Review

  • Captain Bulldog Hugh Drummond (Ronald Coleman) is bored. He is bored of peace in a contracting British empire made so by the decimation of everybody who was of fighting age in WWI. Hugh is one of the few survivors of that war and he longs for adventure. So he puts an ad in the paper saying he is looking for adventure, and would rather crime not be involved but won't rule it out.

    He gets tons of responses, but the letter of Phyllis (Joan Bennett) asking for help strikes his fancy and especially the mystery she puts around their meeting. She has reserved a room for them in a local inn. On the appointed day Drummond arrives at the inn, goes to the room, and soon in walks a woman dressed from head to toe in black. She uncovers her face, and Drummond is instantly smitten. She tells a rather fantastic tale of how her fabulously wealthy uncle is being held captive in an asylum in a plot to rob him of his assets and how she is being watched by the people who run the asylum. That was why she chose the remote inn in the middle of the night. Now Drummond's friend Algie and Drummond's butler have followed Drummond to the inn, and prior to Phyllis' entry Drummond has locked them in the bedroom. While all of this conversation is going they are listening in.

    Now Phyllis could have been a complete crackpot, but in the middle of their meeting in come the people running the asylum and fetch Phyllis back, validating her story. Drummond follows them, gets Phyllis out, manages to grab the uncle too, and then after some clever maneuvers in a high speed chase, makes a bone headed mistake - he takes them BOTH BACK to the inn where the villains found them in the first place. Of course they show up AGAIN. How will all of this work out? Watch and find out.

    This is not to say that the villains do not make mistakes or strange decisions. They seem to be running an asylum in a huge castle like structure in which Phyllis' uncle is the only inmate. Nice work if you can get it.

    This was a very well done early talkie. The entire film takes place at night, the architecture looks like something straight out of a German expressionist film, and the dialogue and performances are not static or stilted at all. There is clever use of the camera to give the illusion of motion where there really cannot be any, and the same is true for Colman's performance - he was actually wounded badly in WWI and could not use one leg hardly at all. Yet when you think back after watching, you'll swear he was climbing and swinging about like Errol Flynn.

    Lilyan Tashman steals the show as the villainess, who for some reason is dressed up in an evening gown for all of this skulking about. Drummond may be her technical enemy, but you can tell by every word she says she is sexually attracted to him, if only she could get him under her spell.
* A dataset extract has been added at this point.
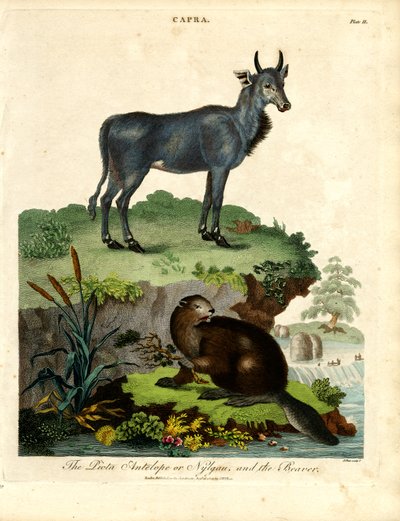 De Picta-antilope of Nilgau en de bever door John Pass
    This film was Joan Bennett's first talking film, Ronald Colman's second talking film and first surviving one, and Lilyan Tashman's second talking role. For these three actors, the coming of sound was a boost to their careers rather than the end of them. Of course, Colman had been a star for some years, but his marvelous voice would have made it a pleasure to listen to him recite the dictionary. Watch it for the fun, romance, and adventure of it all.

    One more thing, unlike James Bond, apparently Bulldog Drummond was extremely monogamous. In the later low budget Drummond pictures of the late 30's with John Howard in the starring role Drummond is engaged to a girl named Phyllis. The joke of the series is how the planned wedding just never manages to come off because of some mystery into which Drummond becomes entangled. It's good B fun but this is the first and the best of the talking Bulldog Drummond films, largely because of the charming Ronald Colman.